Arthur Marks nous balade à travers le milieu de la mode, de la politique, du grand banditisme... et multiplie ainsi, avec brio, les décors et les personnages, sur une B.O. de Luchi De Jesus. Appuyé par un des plus grands casting de la blaxploitation : Godfrey Cambridge (pour le dernier film sorti de son vivant), Thalmus Rasulala, Scatman Crothers (avec près d'une centaine de films à son actif en 50 ans), Paul Benjamin, Julius Harris, la chanteuse Eartha Kitt, Jack Baker (qui deviendra plus tard acteur de films X), Tierre Turner et Carl Weathers (comme dans Bucktown), Tony Brubaker (acteur et cascadeur dans de nombreux films blacks -j'en ai déjà parlé ici-), Alice Jubert (JD's Revenge), et surtout Ted Lange (le Isaac Washington de La Croisière s'amuse/Love Boat).

dimanche 14 février 2010

Bucktown

Casting de rêve pour ce film musclé qui rassemble pour la première fois deux des grandes figures de la Blaxploitation : Pam Grier et l'ex-joueur de football, Fred "the Hammer" Williamson.

BUCKTOWN - Arthur Marks (1975)


Duke (Fred Williamson) arrive à Bucktown pour enterrer son frère, un patron de bar officiellement décédé d'une pneumonie... Duke reprend le bar, mais il se rend vite compte que la police locale est corrompue jusqu'à l'os, et tient le maire sous sa coupe.
Bien sûr, il refuse de payer et se retrouve avec de gros ennuis... Entre-temps, Aretha (Pam Grier) est tombé sous son charme. Mais leur première nuit d'amour se conclue par une fusillade en règle de la maison de Duke par la police.
Duke appelle à la rescousse son ami Roy (Thalmus Rasulala) et ses gars. En quelques jours, la ville est nettoyée de ses policiers véreux, mais Roy et ses hommes prennent rapidement leur place et extorquent à leur tour de l'argent aux habitants de Bucktown. Duke est laissé tranquille par son pote Roy, mais un des méchants gorilles (Tony King) décide de foutre la merde en tabassant un ami de Duke. C'est le début des problèmes...

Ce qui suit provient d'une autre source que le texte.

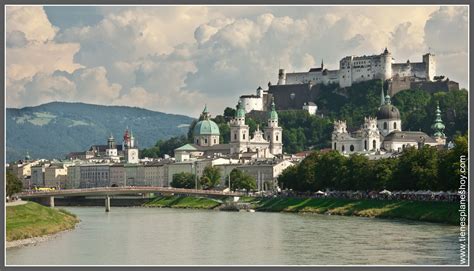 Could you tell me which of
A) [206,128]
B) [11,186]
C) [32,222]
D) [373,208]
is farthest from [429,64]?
[32,222]

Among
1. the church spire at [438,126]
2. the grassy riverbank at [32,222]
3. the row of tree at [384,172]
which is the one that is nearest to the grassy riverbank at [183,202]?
the row of tree at [384,172]

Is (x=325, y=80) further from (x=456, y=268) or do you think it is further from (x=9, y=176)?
(x=456, y=268)

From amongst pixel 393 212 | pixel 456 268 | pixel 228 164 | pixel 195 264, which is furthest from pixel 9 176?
pixel 228 164

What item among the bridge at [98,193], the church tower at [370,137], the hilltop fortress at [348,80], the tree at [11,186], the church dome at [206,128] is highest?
the hilltop fortress at [348,80]

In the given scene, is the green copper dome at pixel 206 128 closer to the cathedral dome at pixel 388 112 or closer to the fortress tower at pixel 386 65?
the fortress tower at pixel 386 65

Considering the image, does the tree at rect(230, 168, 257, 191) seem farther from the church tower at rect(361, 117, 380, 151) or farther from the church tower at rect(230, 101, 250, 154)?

Arthur Marks connaît son boulot : la réal est impec'. Et il sait quels acteurs engager pour faire un film qui marche, alors il alingne les têtes d'affiche : Pam Grier, Fred Williamson et Thalmus Rasulala. On peut que le rôle de Pam Grier soit assez peu développé, dommage... Arthur Marks se rattrape la même année en lui offrant le rôle principal de Friday Foster ; il réalise aussi d'autres films phares de la blaxploitation : Detroit 9000, J.D.'s Revenge et The Monkey Hustle.
Les seconds rôles sont truffés d'habitués des films blax' : Tony King, Tierre Turner, Bernie Hamilton, Art Lund (comme en guise de revanche, puisqu'il incarne le commissaire de Black Caesar), Bob Minor à la cascade, et un certain Carl Weathers -qui deviendra le mythique Apollo Creed dans la série des Rocky- joue ici dans son premier long métrage.
Le film est résolument tourné vers l'action : le dézingage des flics véreux, l'utilisation d'un prototype militaire, la scène de baston "à la loyale" entre Roy et Duke...
La B.O. est assuré par Johnny Pate (à qui l'on doit les excellents soundtracks de Brother on the Run,   Shaft in Africa, Dr. Black, Mr. Hyde et la série Shaft).